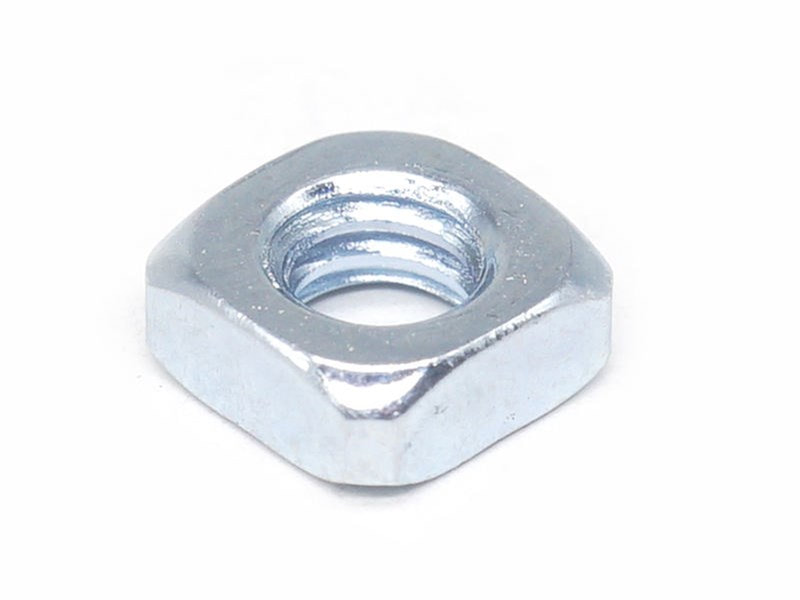 Carbon Steel Square Nut With Zinc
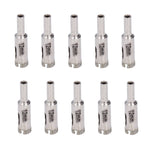 10Pcs Glass Drill Bit 12mm High Torsion Stable Fine Workmanship Sturdy Durable Tile Drill Bits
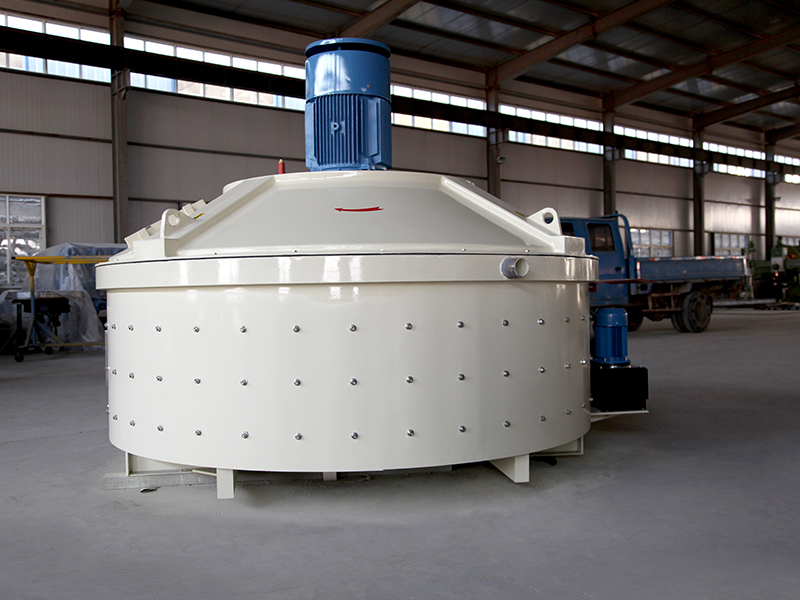 planetary concrete mixer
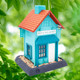 North States Village Collection Bed & Breakfast Birdfeeder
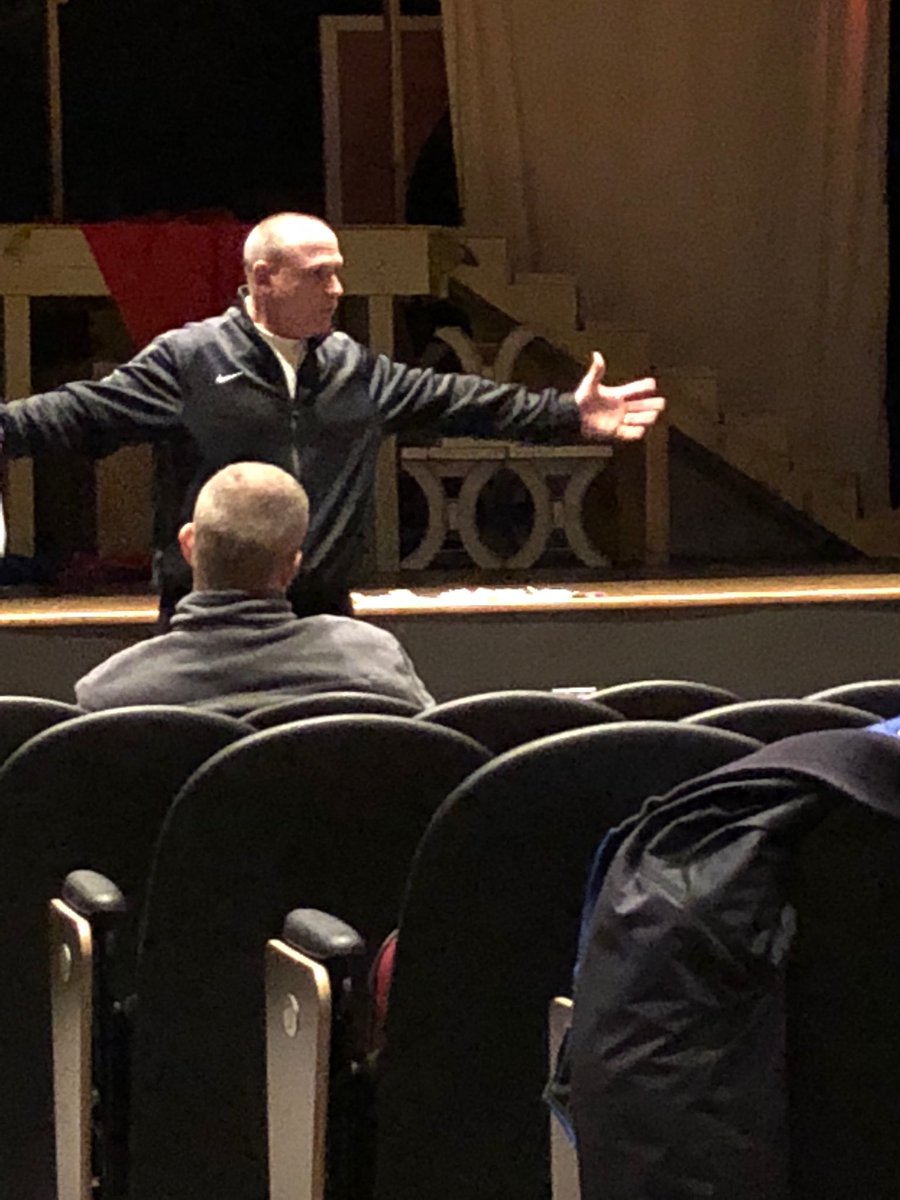 PRowlsathletics's tweet photo. Thanks to FCA speaker Jerry Palmieri for meeting tonight at PRHS https://t.co/NuVqrhMutB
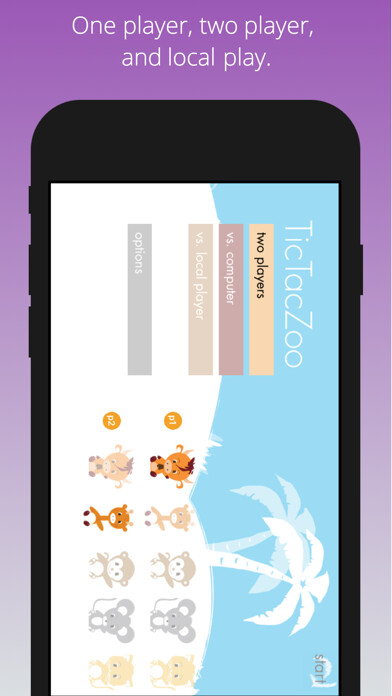 Emulate iPhone app TicTacZoo: tic tac toe game using MyAndroid Emulate iPhone app TicTacZoo: tic tac toe game using MyAndroid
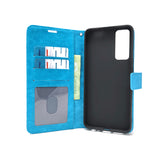 TCL 30 5G - Magnetic Wallet Card Holder Flip Stand Case Cover with Strap [Pro-Mobile]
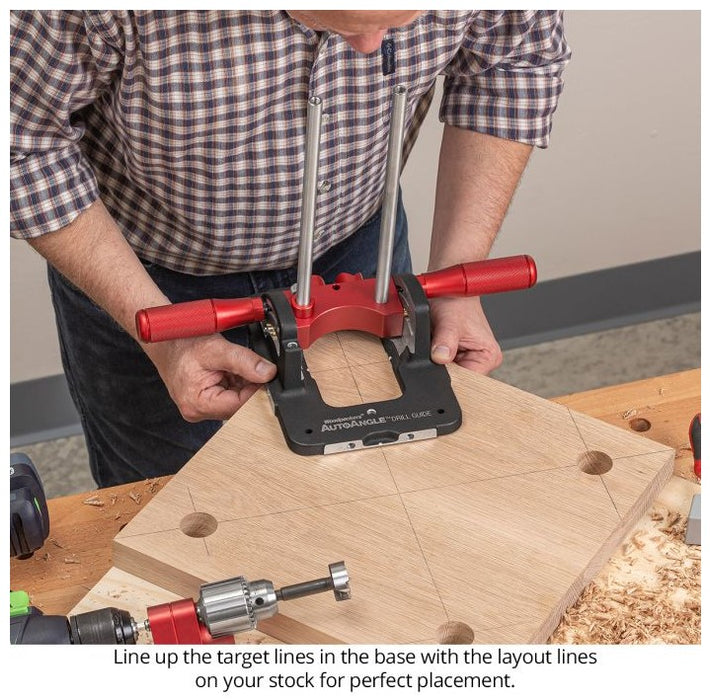 Auto Angle Drill Guide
━━━
**ACTION ITEM:** Beginning with the line that has "planetary concrete mixer", repeat each remaining line of the data above word for word, keeping pictures out.

**EXERCISE SOLUTION:**
 planetary concrete mixer
 North States Village Collection Bed & Breakfast Birdfeeder
 PRowlsathletics's tweet photo. Thanks to FCA speaker Jerry Palmieri for meeting tonight at PRHS https://t.co/NuVqrhMutB
 Emulate iPhone app TicTacZoo: tic tac toe game using MyAndroid Emulate iPhone app TicTacZoo: tic tac toe game using MyAndroid
 TCL 30 5G - Magnetic Wallet Card Holder Flip Stand Case Cover with Strap [Pro-Mobile]
 Auto Angle Drill Guide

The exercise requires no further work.